Yes, I'm of the opinion that it's flawed from a business model
standpoint. Ok, so they're trying to stop the Red Hat becomes
Mandrake, Definite, foo, etc. scenario, but I think you'd have
difficulty proving that Mandrake's existence has done either Red Hat or
SuSE any harm, so I'm not sure why they care.
On the other hand, their current stance means that folks like John
Winters, cannot sell unboxed duplicates of SuSE, with the end result
that people who want to dip their toe in the water buy another disro,
which if the person in question is the first person to try Linux in a
decent sized corporate might well eventually mean that SuSE miss out
on a decent sized support contract.
They would argue that it means that if some large hardware vendor
wants to shove out a CD with their stuff on it, they get to charge
said vendor a wedge of cash for the privilege, which while true, only
actually works in the short term, because eventually (as demonstrated
by some conversations at the show) people wake up to the fact that if
they chose Debian, say, they don't have to pay anyone, with the net
result that a few thousand CDs go out with something other than SuSE
on them, and a significant percentage of the recipients will just
stick with whatever they get, and be more lost support contracts in
future.
What their current policy boils down to is trading in goodwill for
short term gain, with the medium/long term result that they will
eventually give people a enough reason to go elsewhere, and those
people won't come back, and won't go to them for support either.

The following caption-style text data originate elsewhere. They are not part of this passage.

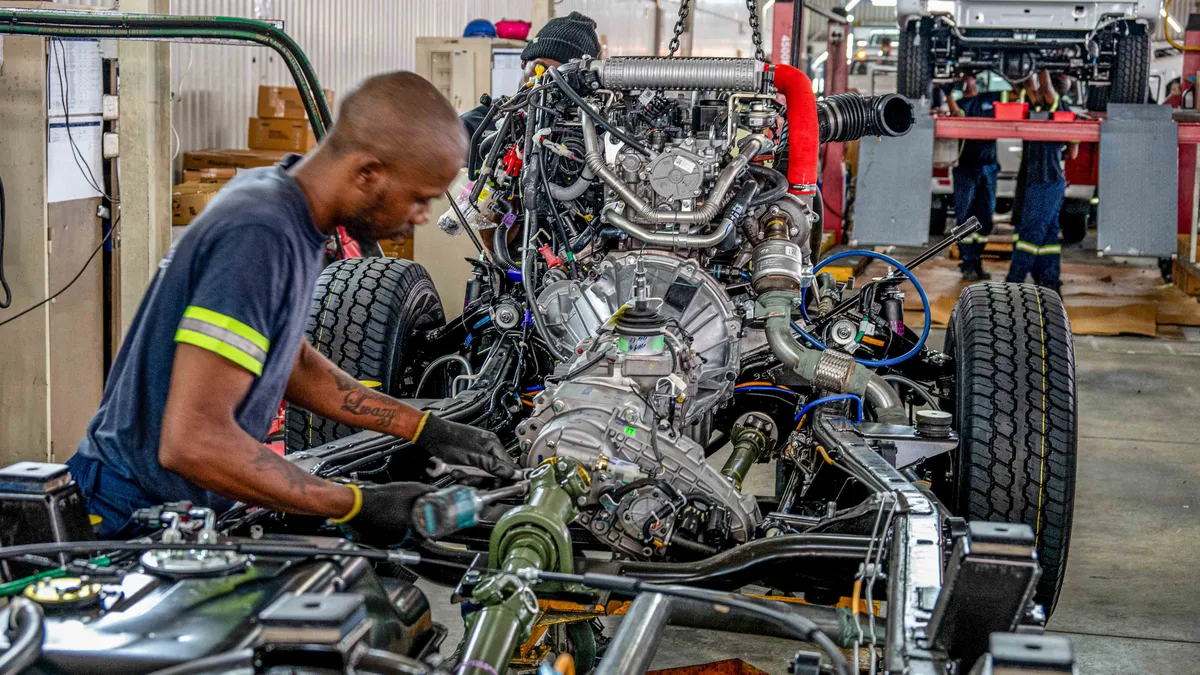 A team of colleagues celebrating success together in an office.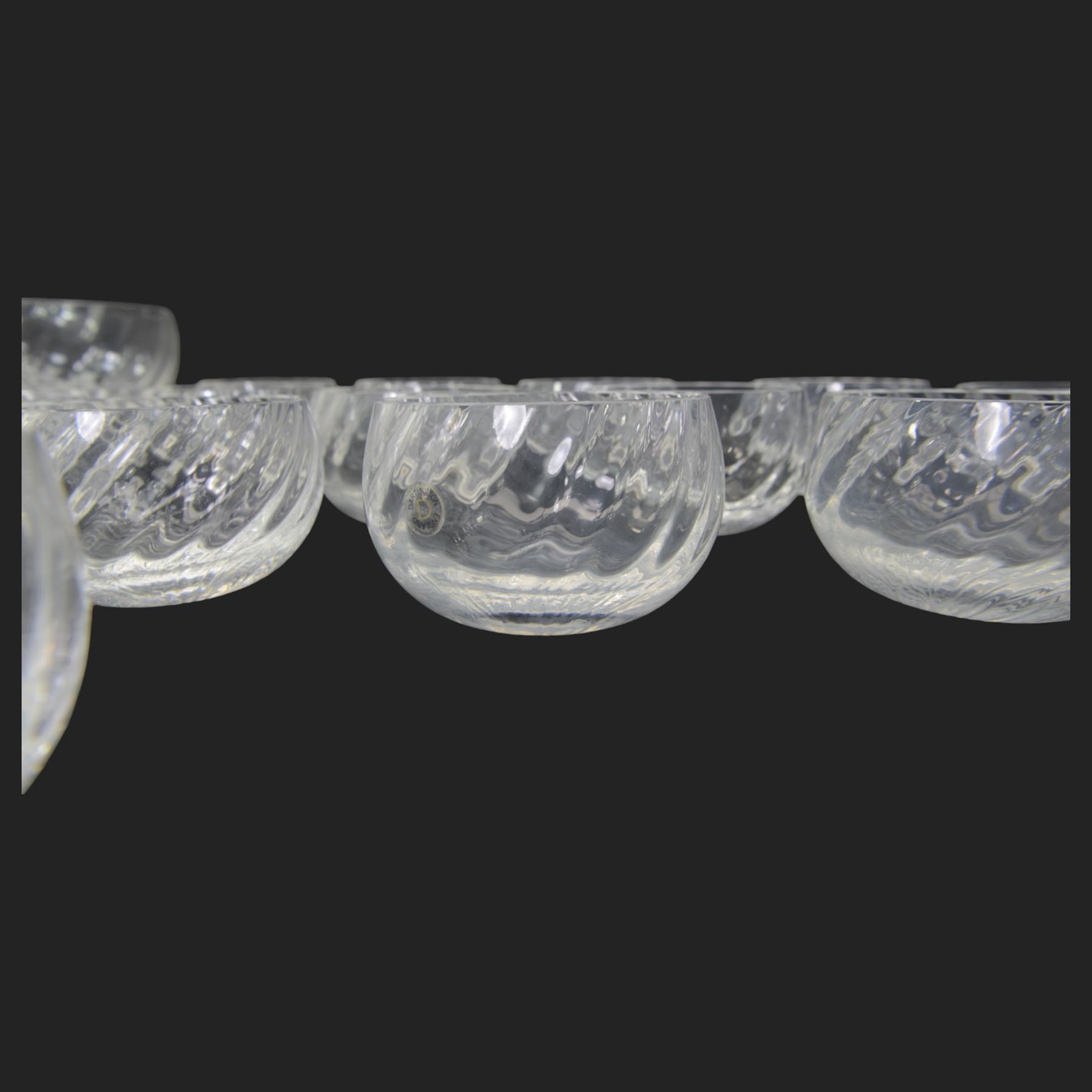 Dartington Ripple pattern fruit set comprising thirty bowls and serving bowl and a number of plain glass champagne saucers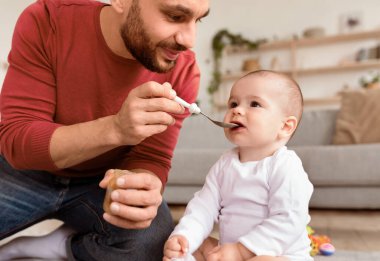 Sevgi dolu genç baba Spoon 'ın bebeğini beslemesi bebek bakımı sırasında oturma odasında yerde oturması. Küçük Çocuk İçin Sağlıklı Beslenme. Kırpılmış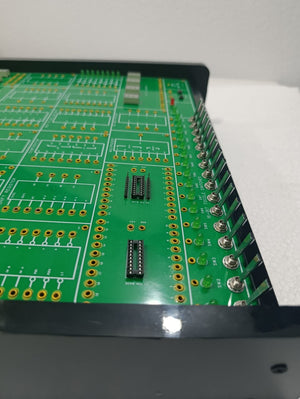 On Demand DLD Trainer Digital Logic Trainer WWW.DIGILOG.PK - a close-up of the green circuit board featuring 16-bit toggle switches and multiple pin base connectors.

Feel free to quote me on this in a couple of years time when SuSE are
on the ropes (although I said something similar about SCO and Caldera
years ago, and somehow they are still hanging on by the fingertips, so
it may take longer than that)
My advice to them would be to realise what it is that they make money
out of (which is offering support in one form or another, rather than
licensing software), and sell that. The more "rip-off" SuSE copies
there are out there, the larger their potential audience.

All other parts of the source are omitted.